*WHAT TO WORK ON:*
Leaving out the pictures, write the following records exactly as they read.

*DATASET CONTENT:*
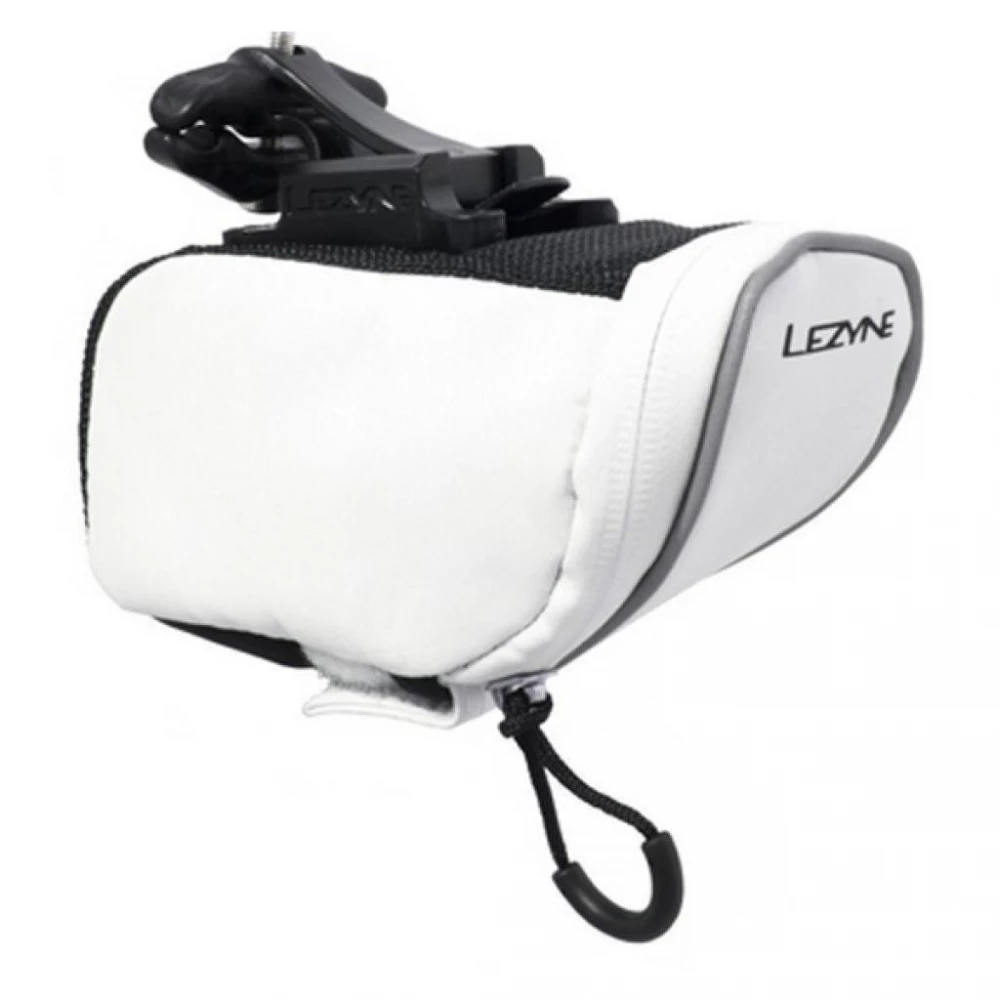 Сумка підсідельна Lezyne Micro Caddy QR 0,3л 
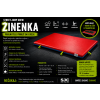 aZinenka 200x90x10cm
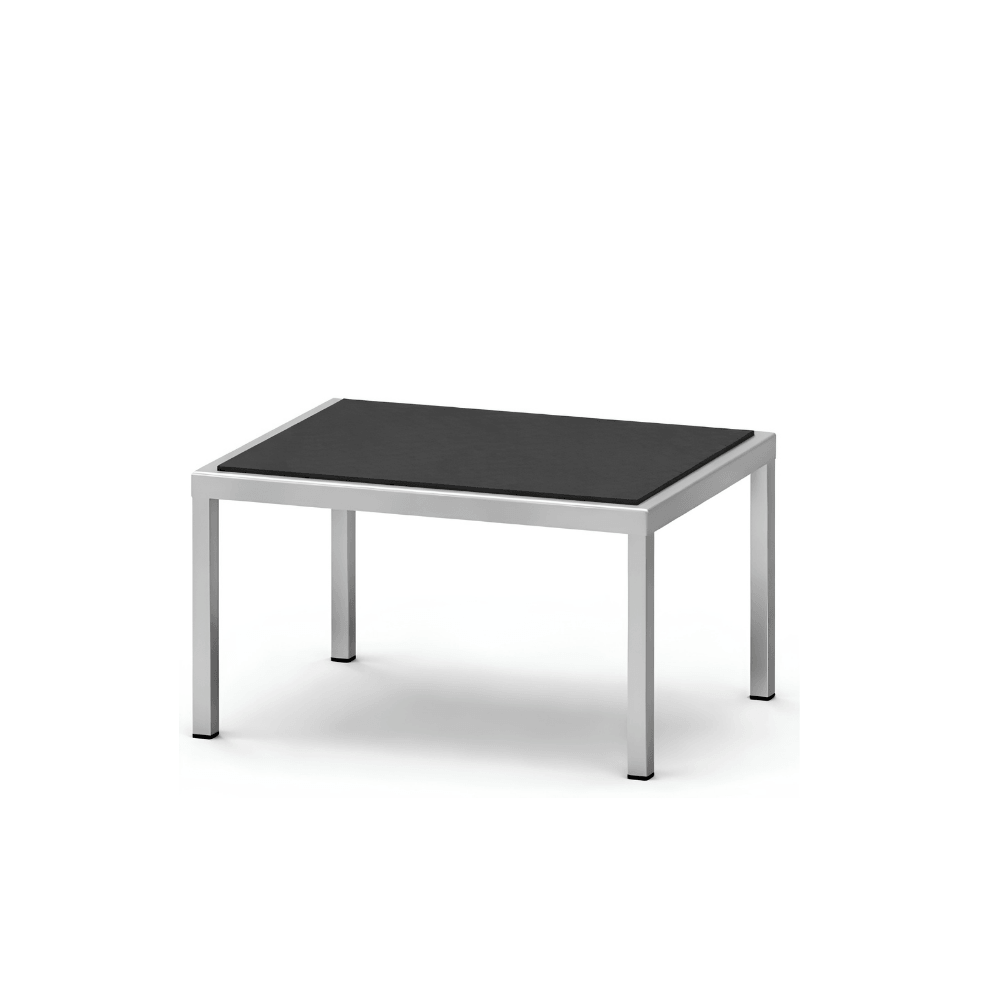 Elevated Tub Grate Insert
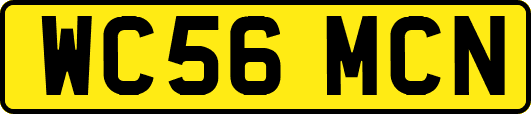 WC56MCN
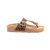 Sandalia Asia Print - comprar online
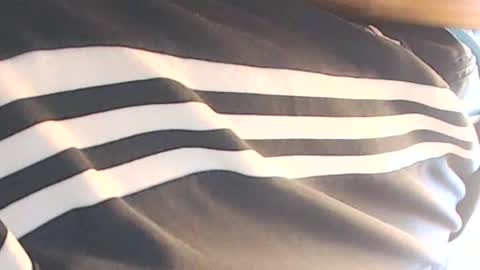 Snapshot of bebbi78022 chatting on October 19, 8:39 am bebbi78022 online show from October 19, 8:39 am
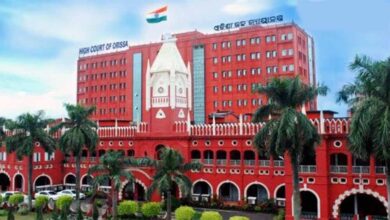 पिता या नाना? नाबालिग की गार्जियनशिप पर हाईकोर्ट का बड़ा फैसला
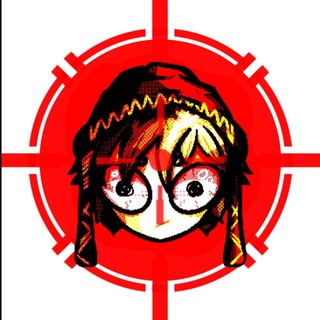 Telegram profile photo for никаких больше хдд #43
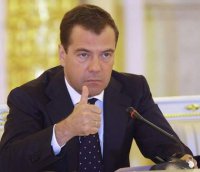 На велогонке в Испании болельщик столкнул российского спортсмена с трассы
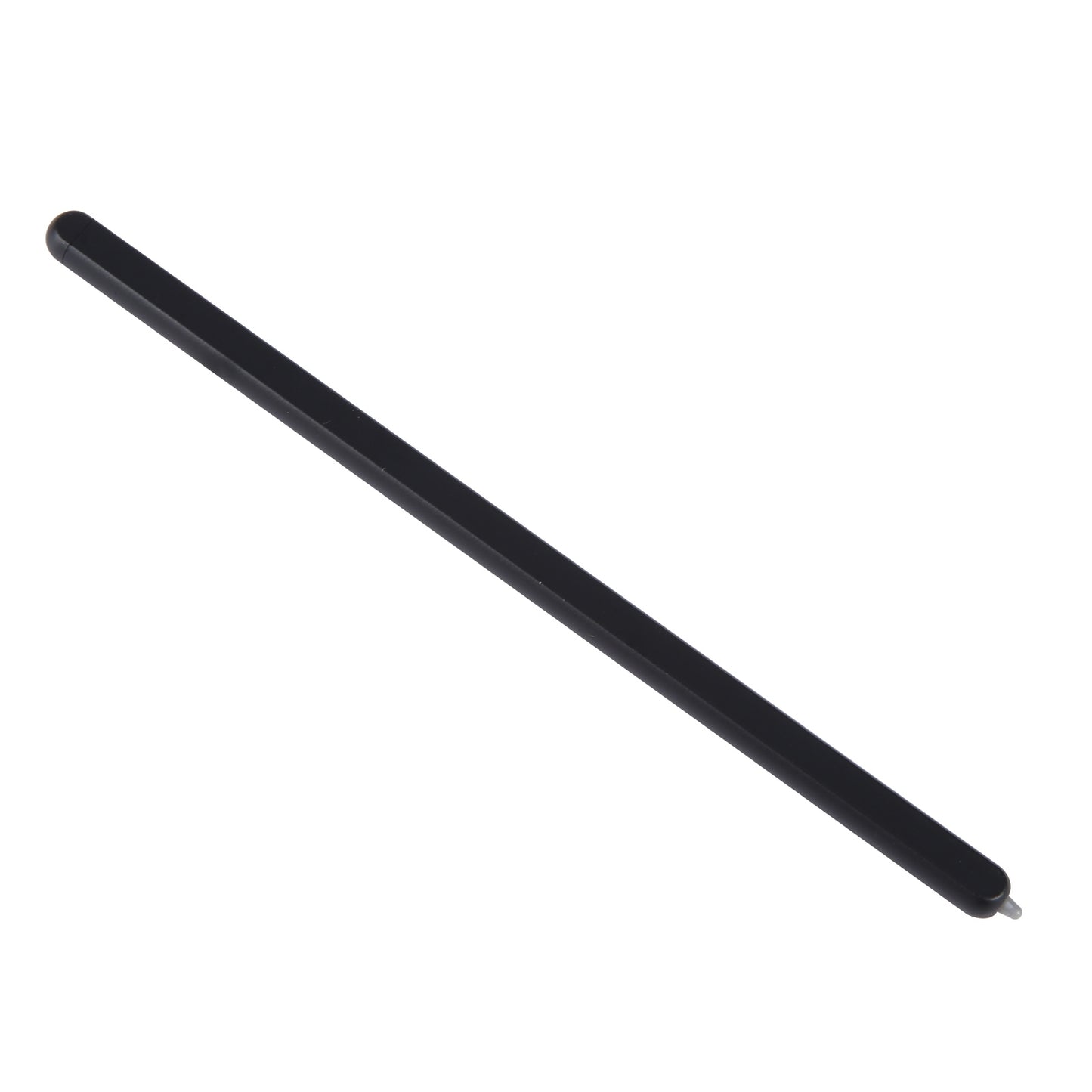 For-Samsung-Galaxy-Z-Fold-5/6-High-sensitive-Touch-Capacitive-Stylus-Pen(Black)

*FINISHED TASK:*
 Сумка підсідельна Lezyne Micro Caddy QR 0,3л 
 aZinenka 200x90x10cm
 Elevated Tub Grate Insert
 WC56MCN
 Sandalia Asia Print - comprar online
 Snapshot of bebbi78022 chatting on October 19, 8:39 am bebbi78022 online show from October 19, 8:39 am
 पिता या नाना? नाबालिग की गार्जियनशिप पर हाईकोर्ट का बड़ा फैसला
 Telegram profile photo for никаких больше хдд #43
 На велогонке в Испании болельщик столкнул российского спортсмена с трассы
 For-Samsung-Galaxy-Z-Fold-5/6-High-sensitive-Touch-Capacitive-Stylus-Pen(Black)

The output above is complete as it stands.